Richard Cohen I don’t get (pace JVL, who had a kind word for him last week). The Washington Post columnist seems to judge the credibility of accusations by how repellent they make Bush out to be. It didn’t matter that Bush never justified the war in Iraq by charging the Saddam Hussein played a role in the 9/11 attacks. For Cohen to pummel this strawman in column after column, it was apparently enough that this particular slander made Bush out to be a really unconscionable and over-the-top liar.

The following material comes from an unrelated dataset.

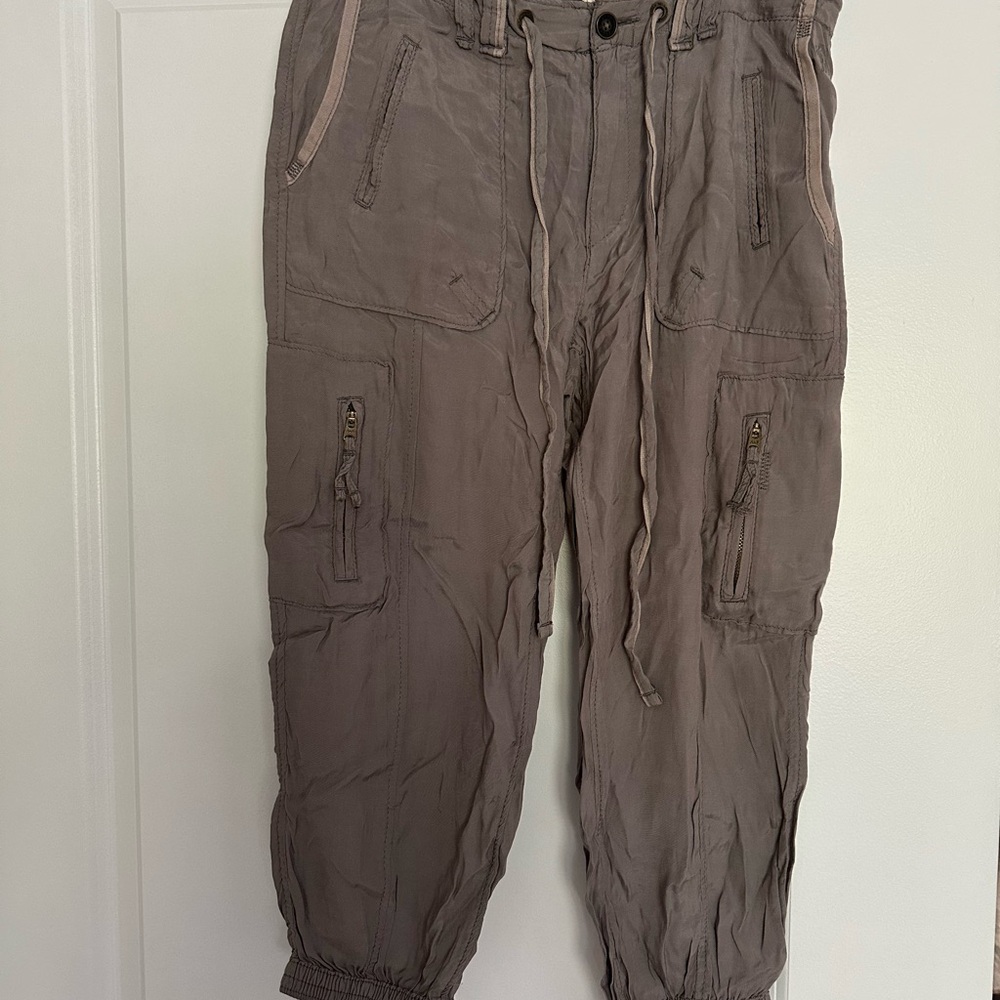 Women’s capri pants,size 00,brand Abercrombie and Fitch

And now, in Cohen’s eyes, Ted Kennedy is a font of wisdom on the subject of President Bush. This is the same Ted Kennedy who recently said that U.S. soldiers were no better than Saddam’s torturers. And now Kennedy says that "arrogant ideological incompetence" explains, in Cohen’s words, "all that ails both Bush and his administration—everything from a misguided crusade to liberate Iraq (and the Middle East) from despotism to the strut of the president himself."
First off, the phrase is barely English. Ideology, incompetence, and arrogance are not the same thing as "arrogant ideological incompetence." Also, by Cohen’s own account, what the president suffers from is wishful thinking, especially in imagining that Iraqis would get all warm and fuzzy about being liberated. But wishful thinking is hardly an exclusive property of Bushies or neoconservatives or even incompetent people. Part three, Kennedy, last I checked, was a key adviser to the Kerry campaign, and it is as an unabashed Kerry partisan that he is delivering red meat to the hungry left-wingers who are demoralized since the Republican convention. How is that a smarter-than-thou columnist like Cohen lets himself be seen lapping it up?
But let’s get back to the non-warm-and-fuzzy Iraqis. Is it somehow only moral to help nice people? Only cotton-sweater, bank-commercial types should be liberated from the brutal fist of dictatorship? Which kind of people does Cohen believe deserve to be free? Only ones who say thank you?